The Contessa in the comics is a character that dates back to the ‘60s. A spy skilled in combat, she also has some history with Nick Fury. The S.H.I.E.L.D. operative is eventually revealed to be a triple agent serving Hydra and comes to be known as Madame Hydra.

It’s clear that the MCU’s Val has some sort of plan in the works and is assembling talent/brawn for whatever that might be. With her comic book ties to Fury and the “Secret Invasion” storyline, there are plenty of opportunities for her return.

In the comics, John, known for his patriotism, eventually picks up the U.S. Agent moniker after his stint as Captain America. Although he was introduced as a villain in the ‘80s, he eventually fights alongside a version of the Avengers team.

A man smiling
Joaquin Torres (Danny Ramirez) in "The Falcon and the Winter Soldier." (Julie Vrabelová / Marvel Studios)

The next generation of heroes?

In addition to seeing the proper passing of the Captain America mantle to Sam, “The Falcon and the Winter Soldier” introduced a number of characters who have comic book superhero counterparts.

The MCU’s Joaquin Torres (Danny Ramirez) is the tech-savvy soldier who worked on missions with Sam earlier in the season.

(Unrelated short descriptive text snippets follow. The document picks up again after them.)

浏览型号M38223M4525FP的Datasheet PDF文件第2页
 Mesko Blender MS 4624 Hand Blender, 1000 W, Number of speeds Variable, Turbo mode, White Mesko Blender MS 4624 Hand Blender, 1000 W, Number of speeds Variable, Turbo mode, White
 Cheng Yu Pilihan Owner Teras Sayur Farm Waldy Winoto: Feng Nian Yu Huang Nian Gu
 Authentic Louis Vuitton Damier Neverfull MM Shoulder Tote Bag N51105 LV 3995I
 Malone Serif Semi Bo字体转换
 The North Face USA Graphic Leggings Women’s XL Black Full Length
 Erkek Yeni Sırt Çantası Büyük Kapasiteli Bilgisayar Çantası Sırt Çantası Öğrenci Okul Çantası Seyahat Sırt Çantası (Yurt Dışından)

In the comics, he eventually becomes the next Falcon after Sam becomes Captain America. Could Torres fix up an old pair of Sam’s wings and take them for a spin in the future?

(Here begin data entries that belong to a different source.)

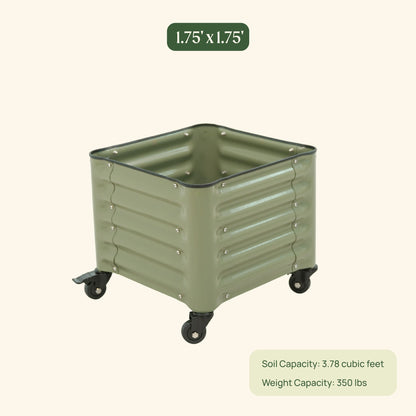 Product photo of rolling garden bed, 21 x 96 inches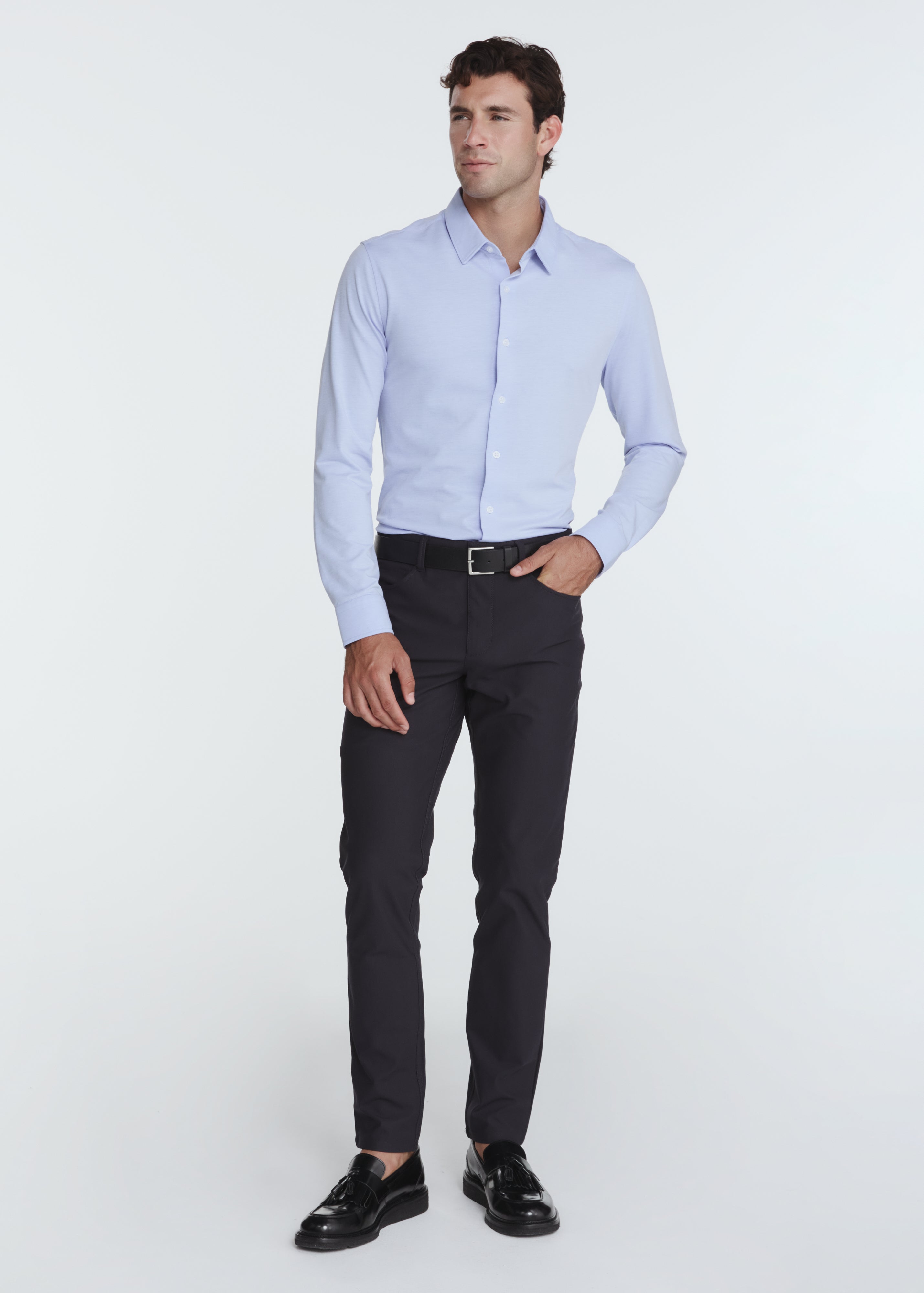 Formline Long Sleeve Shirt Light Blue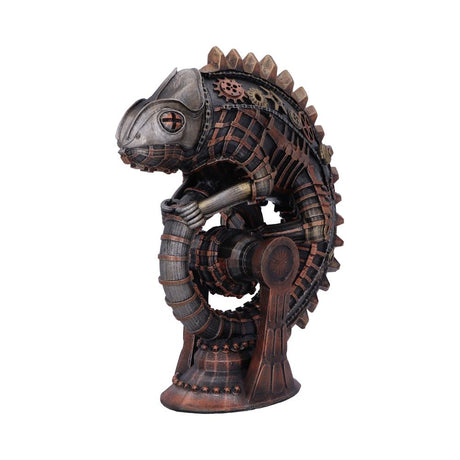 Bronze Mechanical Chameleon Steampunk Lizard Figurine - Figures & Collectables at Gift Moments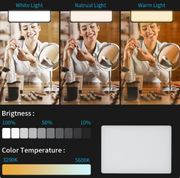 Square Ring Light Panel Photo Shoot LED with 2.1 Meter Tripod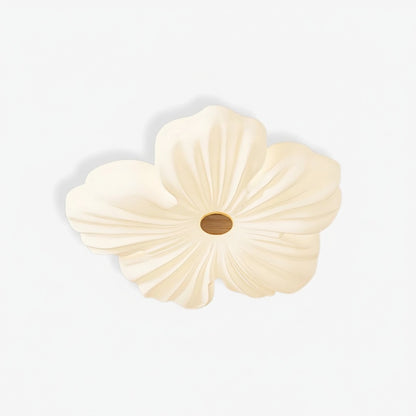 Ceiling Lamp Bohemian Flower Shape with Integrated LED and Wood Detail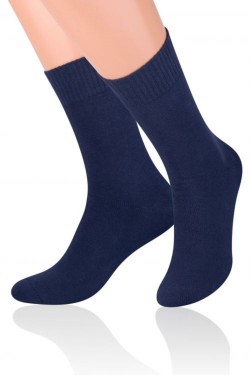 Pánské ponožky  015 Frotte dark blue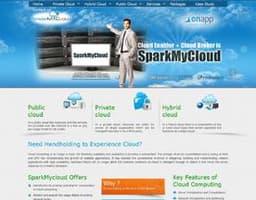 SparkMyCloud logo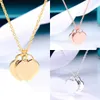Designer Heart Necklace Fashion Womens Pendant Gold Jewelry Gift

In addition to introducing the MCU version of Isaiah Bradley (Carl Lumbly), the show introduces his teenage grandson Eli (Elijah Richardson). In the comics, Eli is an original member of the Young Avengers who inherits his grandfather’s superpowers after a blood transfusion. Eli’s superhero name is the Patriot.

Eli is just the latest character with Young Avengers ties to be appear in the MCU. “WandaVision” introduced Billy (Julian Hilliard) and Tommy Maximoff (Jett Klyne), who in the comics are the heroes Wiccan and Speed, respectively.

In the comics, the next-gen superhero team also includes Kate Bishop (who will be introduced in the “Hawkeye” series), Cassie Lang (who has already been seen in the MCU and will be back in the upcoming “Ant-Man and the Wasp: Quantumania”) and America Chavez (who will appear in “Doctor Strange in the Multiverse of Madness”).

Other upcoming MCU releases include “Loki,” a Disney+ series launching June 11, and “Black Widow,” which is set to hit theaters and Disney+ on July 9.